The Times Literary Supplement described her as 'a born enthusiast.'
Antonia Abbot
Antonia Abbot is a writer, poet and spoken word artist based in the southside of Glasgow. She has three daughters and started her writing career after the birth of her first child. Her children serve as a constant inspiration for much of her work which contains a deep connection to motherhood but also looks at the human condition as a whole. She shows an ability to reach into the psyche and evoke an emotional response through her writing, much of which is a reaction to events that influence her and the world around her.
Eugene Kelly
(The Vaselines, Captain America & Eugenius)
photo © Niall Webster
Warren McIntyre
(Starry Skies, Ducks, Moondials)
Thi Wurd
Andrew Cattanach is a Glasgow-based writer and editor. He has published fiction in thi wurd, New Writing Scotland and Gutter magazine. A graduate of The Glasgow School of Art, he is a former reviewer and editor for The Skinny and gets by working as a freelance copy writer and magazine editor.
Alan McMunnigall was born in Glasgow. He is editor at thi wurd, which he founded in 2006 as a platform to put on literary events and support writers. Eventually thi wurd grew into an indie publisher that produces its own literary art, publishing an array of new and established writers/artists in book and magazine form.
Brendan Breslin was born in Glasgow in 1988. He studied an MA (Hons) Liberal Arts Literature degree at the University of Glasgow. His most recent fiction appeared in The Common Breath’s The Middle of a Sentence anthology (2020). He currently lives in Dumfries.
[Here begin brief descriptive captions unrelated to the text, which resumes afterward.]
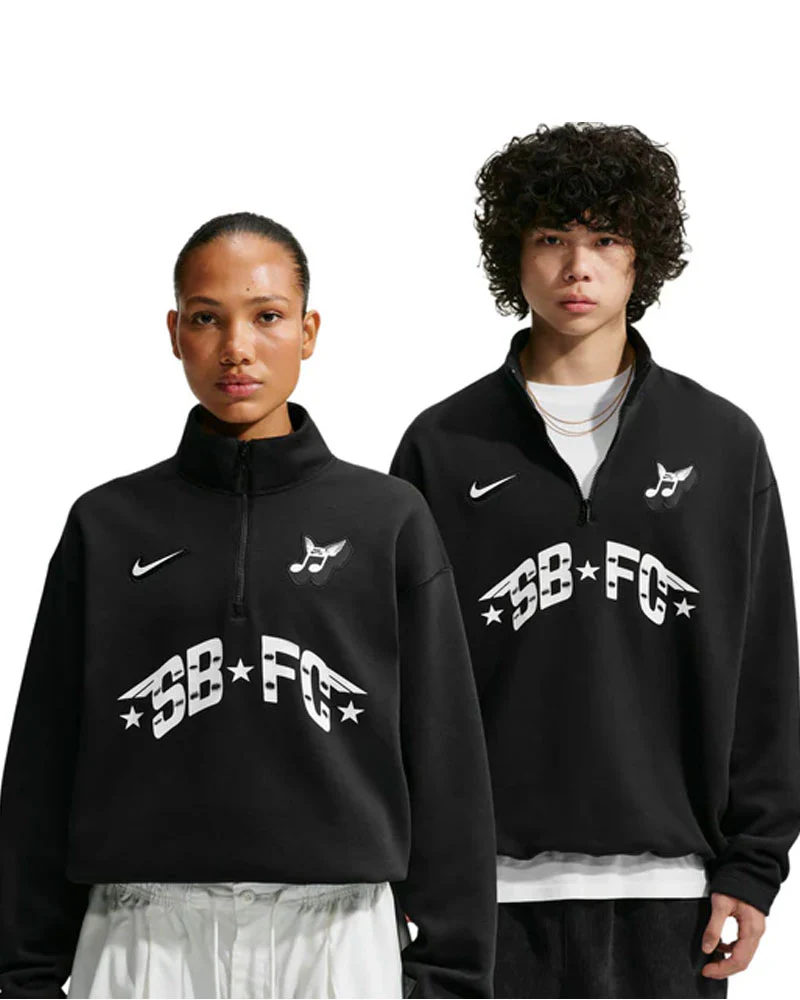 Nike Sb Skate 1/2 Zip Fleece Crew Black/Dark Smoke Grey/Black - Image 4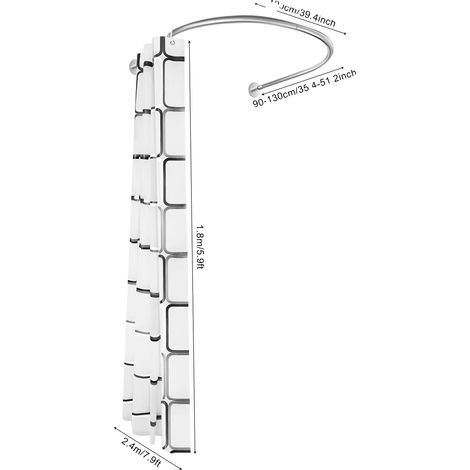 Ensemble de tringle à rideau de douche, design en U, longueur réglable (1/2)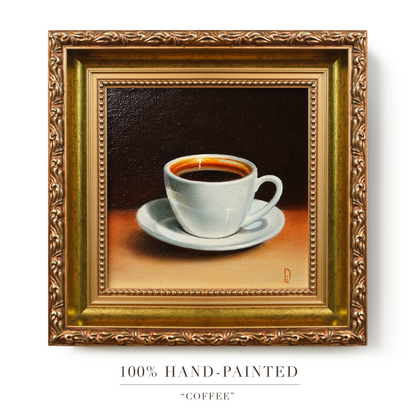 Original Coffee Cup Miniature Oil Painting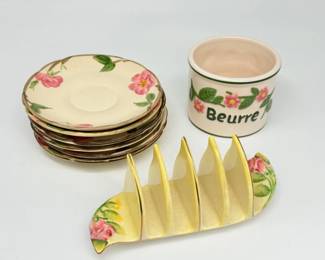 31 VintageToasterRackButterBellCrockFranciscanDesertSaucers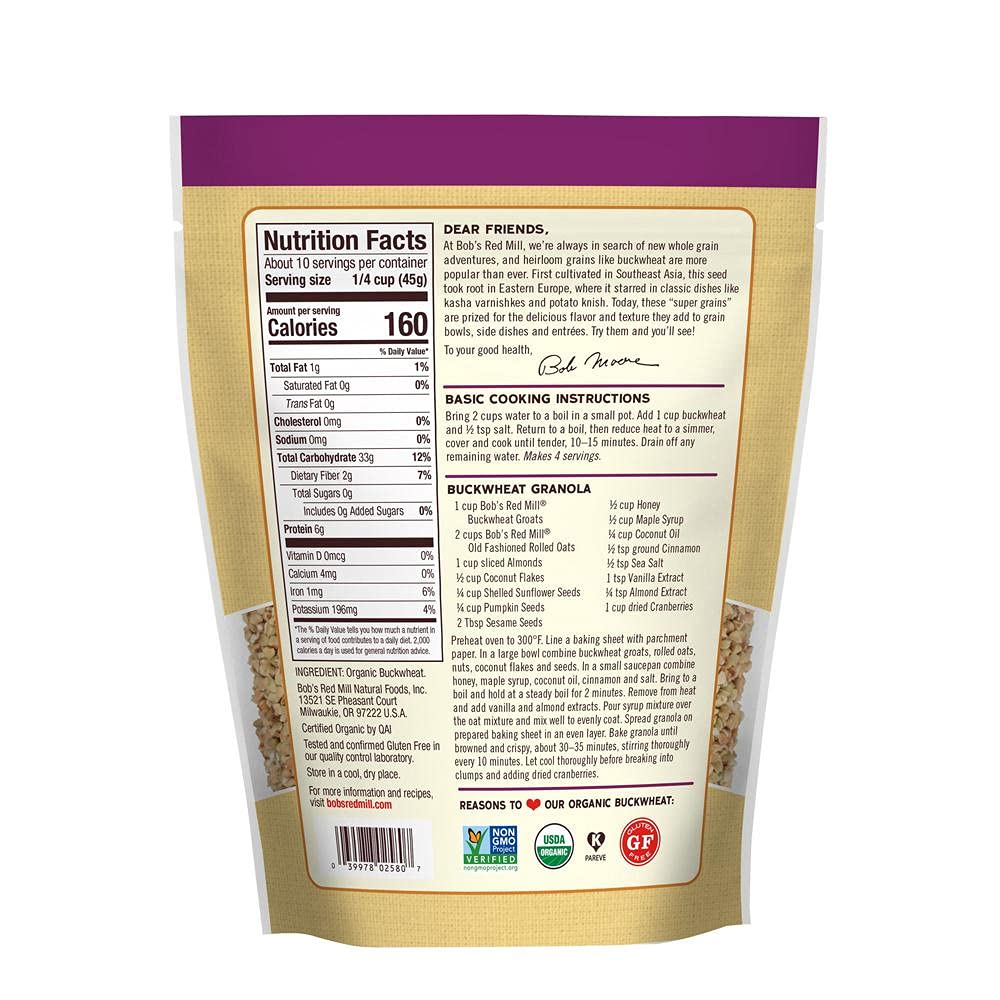 Bob's Red Mill Organic Whole Grain Raw Buckwheat Groats, 16 oz, 2 pk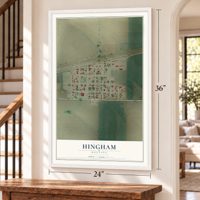 Hingham, Montana map, 24 x 36 inch print in a white frame by a staircase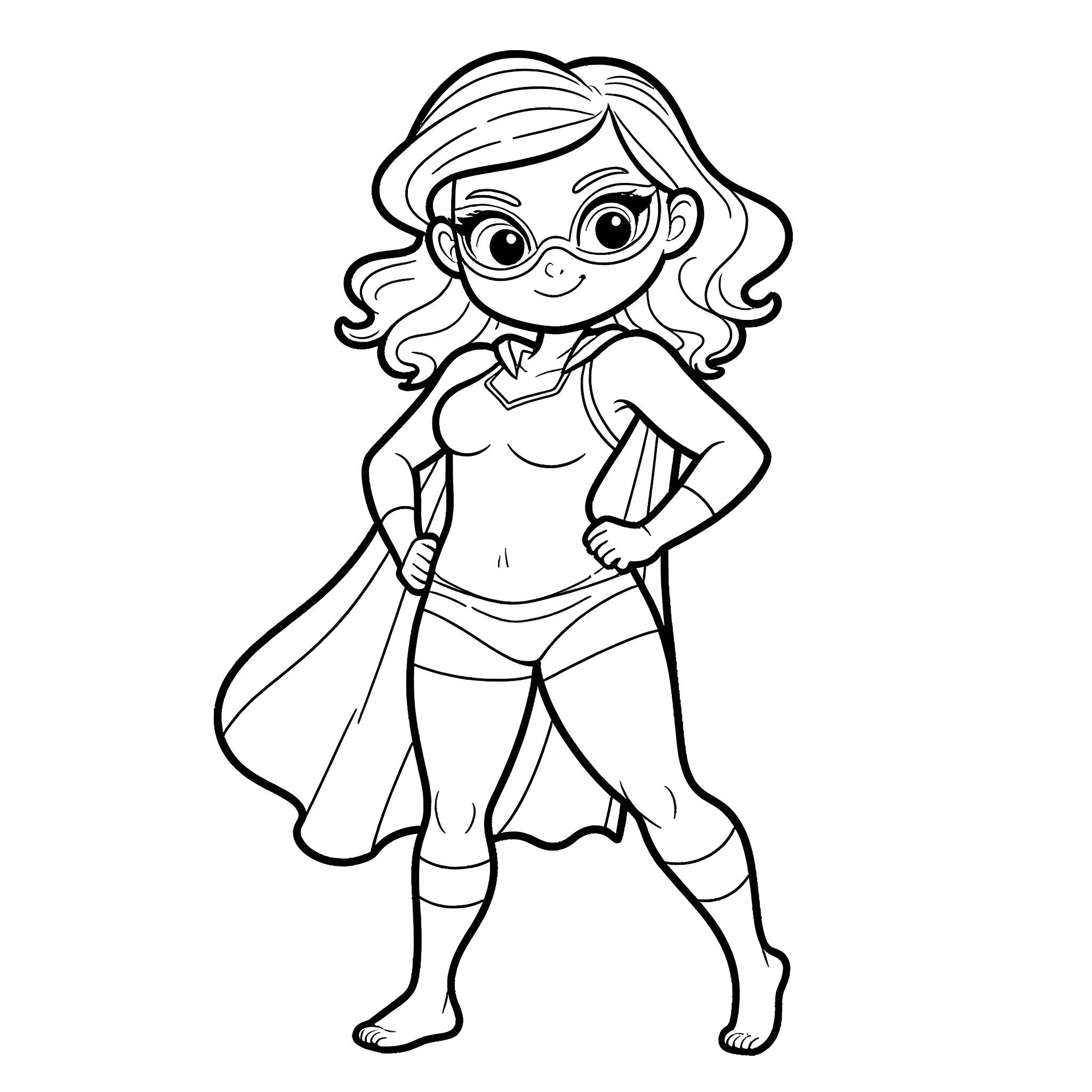 Super Girl in Confident Superhero Pose Coloring Page (free black-and-white line drawing printable PDF for all, from beginners to advanced learners, including children, teens, adults, and seniors)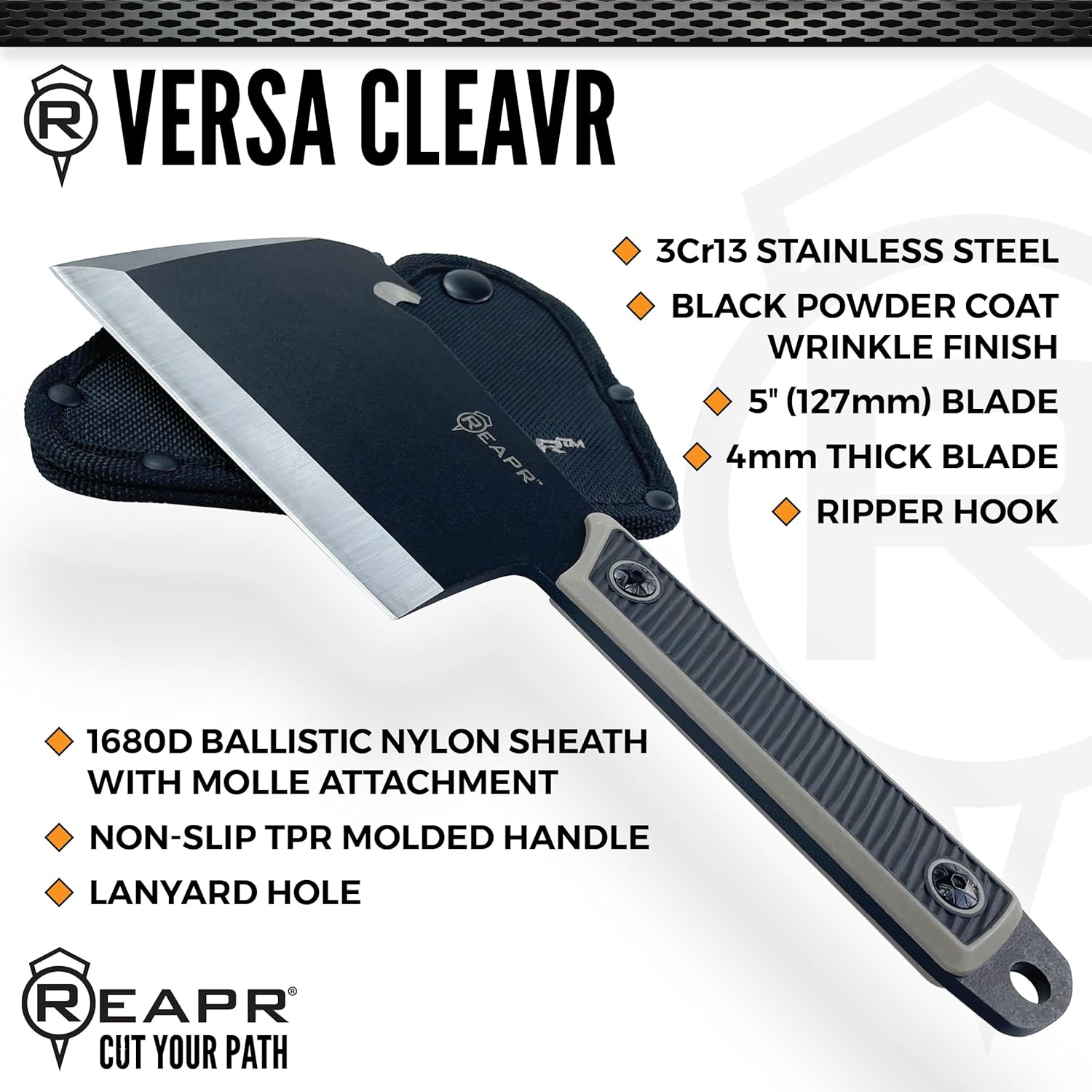 Reapr Versa Cleavr 5″ Fixed Blade Cleaver Knife with Sheath – 420 Stainless Steel, Full‑Tang, Plain Edge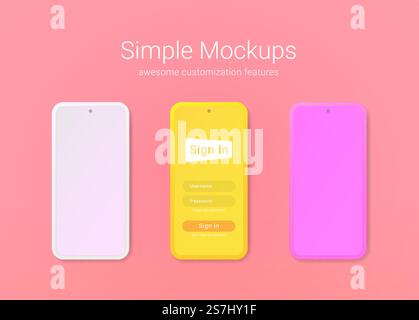Maquettes de téléphone simples de style minimaliste. Téléphones mobiles avec des fonctionnalités de personnalisation impressionnantes. Illustration de Vecteur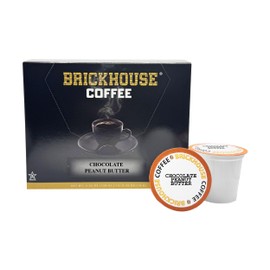 Brickhouse Chocolate Peanut Butter Flavored Coffee Pods – 12 Count Single Serve Cups Compatible with Keurig Brewers – Rich, Sweet & Nutty Medium Roast Gourmet Coffee
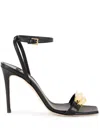 Elisabetta Franchi Square Toe High Heel Sandals In Black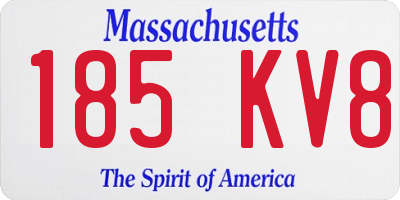 MA license plate 185KV8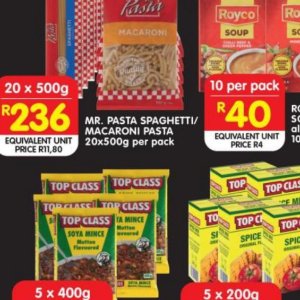 Pasta at Shoprite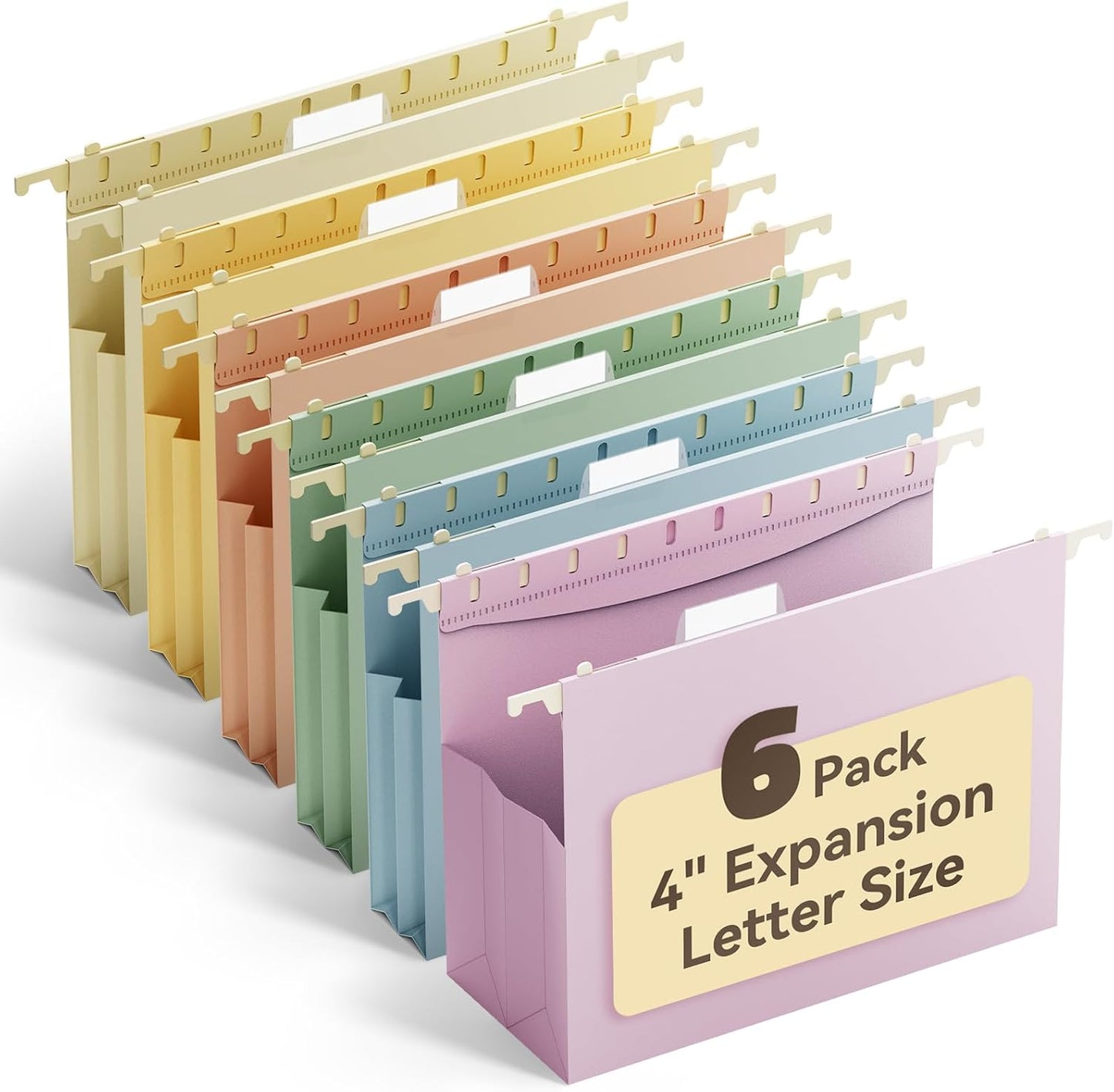 Ansook Plastic Letter Size Hanging File Folders,Heavy Duty 4" Large Capacity File Folder with Tabs,6 Pack Expanding File Cabinet Folders,Reinforced Accordion Hanging Folders for Office(Morandi Color)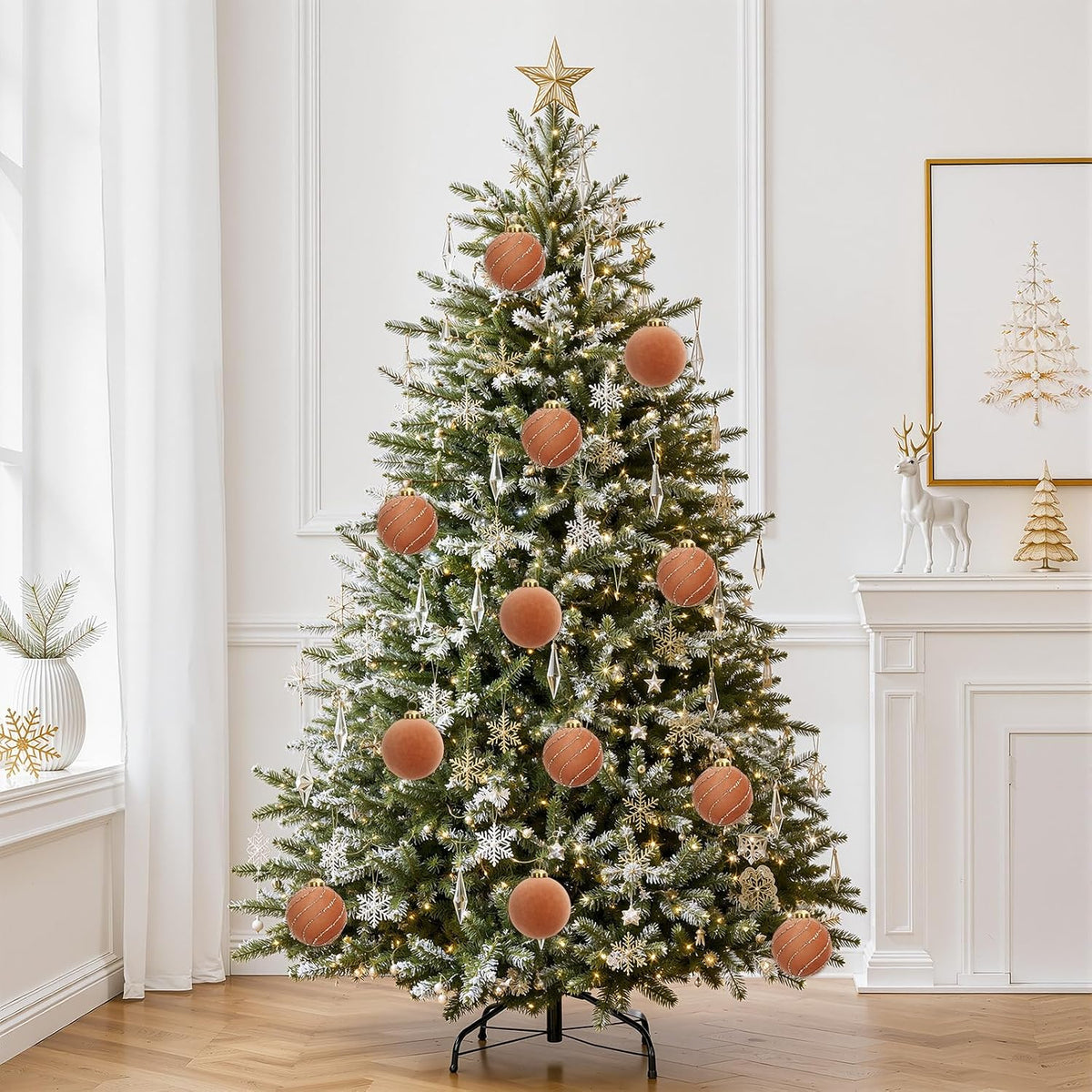 16 Pcs Brown Velvet Christmas Ball Ornaments, Flocked Tree Decorations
Gill Davies is a writer and radio producer from Helensburgh who lives on the loudest street in Glasgow. Her short stories have been published in thi wurd and From Glasgow to Saturn. Gill writes for the travel blog Spotted by Locals.
Kate McAllan is an artist and writer, based in Glasgow. She studied drawing and painting at the Edinburgh College of Art. Kate is a member of thi wurd. She is currently developing an illustrated collection of her short stories.
Katie Paterson is a writer from Glasgow. She completed a Literature RMA at Amsterdam University in 2015 and, after a stint in London, returned to Glasgow, joining thi wurd in 2018. She now works as a freelance content and copywriter.